Dal 24 maggio 1915 al Web, dall’ultimo atto Risorgimentale al senso di responsabilità
Il 24 maggio 1915, l’Italia entrava in guerra contro gli Imperi centrali, gettandosi nella Prima Guerra Mondiale, dieci mesi dopo l’inizio delle ostilità in Europa.
Come sempre accade il nostro Paese entro in guerra diviso tra interventisti e neutralisti, ma diversamente dallo spirito odierno – scesa in guerra – tutta l’Italia si strinse ai suoi soldati che difesero i confini sulle sponde del Piave e dell’Isonzo, nelle trincee del Carso e della Bainsizza, di Asiago e di Passo Buole, di Caporetto e di Vittorio Veneto.
La Prima Guerra Mondiale fu un tragico massacro: coinvolse 27 paesi, costò 10 milioni di morti, 20 milioni di feriti, enormi distruzioni; l’Italia pagò con il sacrificio di 700 mila morti, rinforzò i confini ed ottenne le città di Trento e Trieste.
Le battaglie furono svolte nelle trincee, le truppe lottarono impantanate nel fango, furono impiegate nuove armi di distruzione come: aerei, carri armati, mitragliatrici, gas tossici, come il fosgene e l’iprite.
Fu, come definita da alcuni storici, la prima guerra moderna.
Il 26 gennaio 1917 a Santa Maria la Longa, una località in provincia di Udine, Giuseppe Ungaretti, reduce dai combattimenti sulla Carnia, scrisse la nota poesia “Mattina” forse il più bell’inno alla Pace; una poesia che alle scuole elementari mi fece provare i primi brividi di emozione tanto era forte il coinvolgimento che procurava.
Oggi, nell’era di Internet, abbiamo dimenticato quelle atrocità, godiamo degli strumenti della condivisione offerti dai social network e più in generale dal Web, viviamo apparentemente in Pace per poi essere coinvolti dalle ridicole battaglie politiche per l’elezioni amministrative.
Assistiamo ad attacchi mediatici: feroci, diffamanti e privi di ogni civiltà democratica.
Ci si chiede se rispettiamo la memoria di quei giovani morti, caduti nel fango, nel gelo della montagna e, nell’ultimo loro sguardo, l’immagine di appartenenza ad una terra chiamata Italia.

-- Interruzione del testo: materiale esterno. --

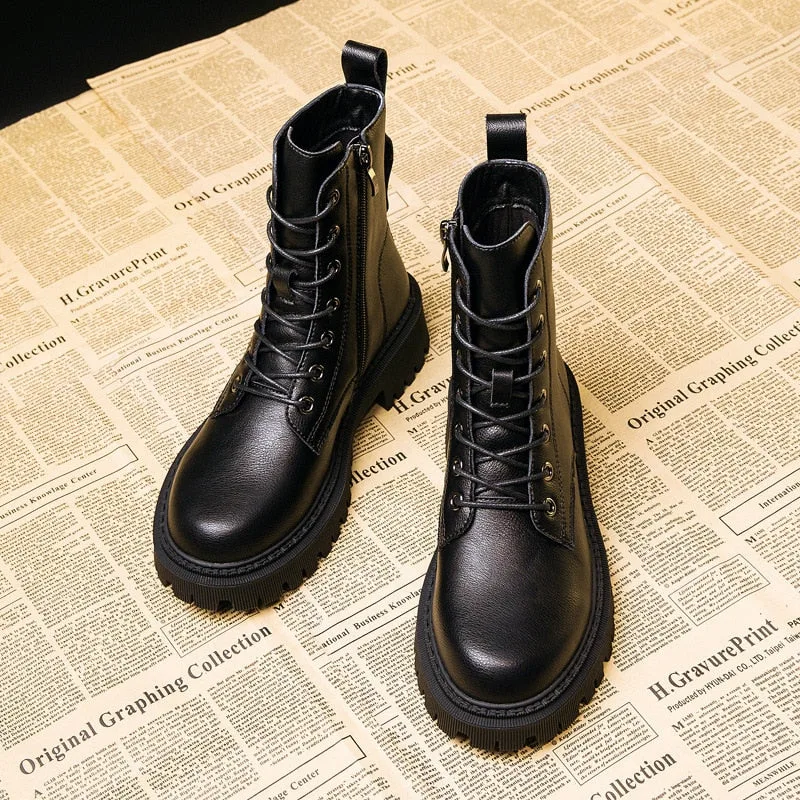 Ansicht 3 — Stiefeletten für Damen – Militärstil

Ho visitato il Sacrario del Redipuglia, in cui sono conservate le ossa di 100.000 caduti e tra queste anche quelle di Domenico Melica, classe 1989, 139° Reggimento III^ Armata del Duca d’Aosta; dovete sapere che uscendo da quel luogo sacro ci si imbatte in una lapide in cui potete leggere: “O Viventi che uscite, se non vi sentite più sereno e più gagliardo l’animo, Voi sarete venuti qui invano”.
Da quel giorno il mio animo è più sereno, più gagliardo, più responsabile.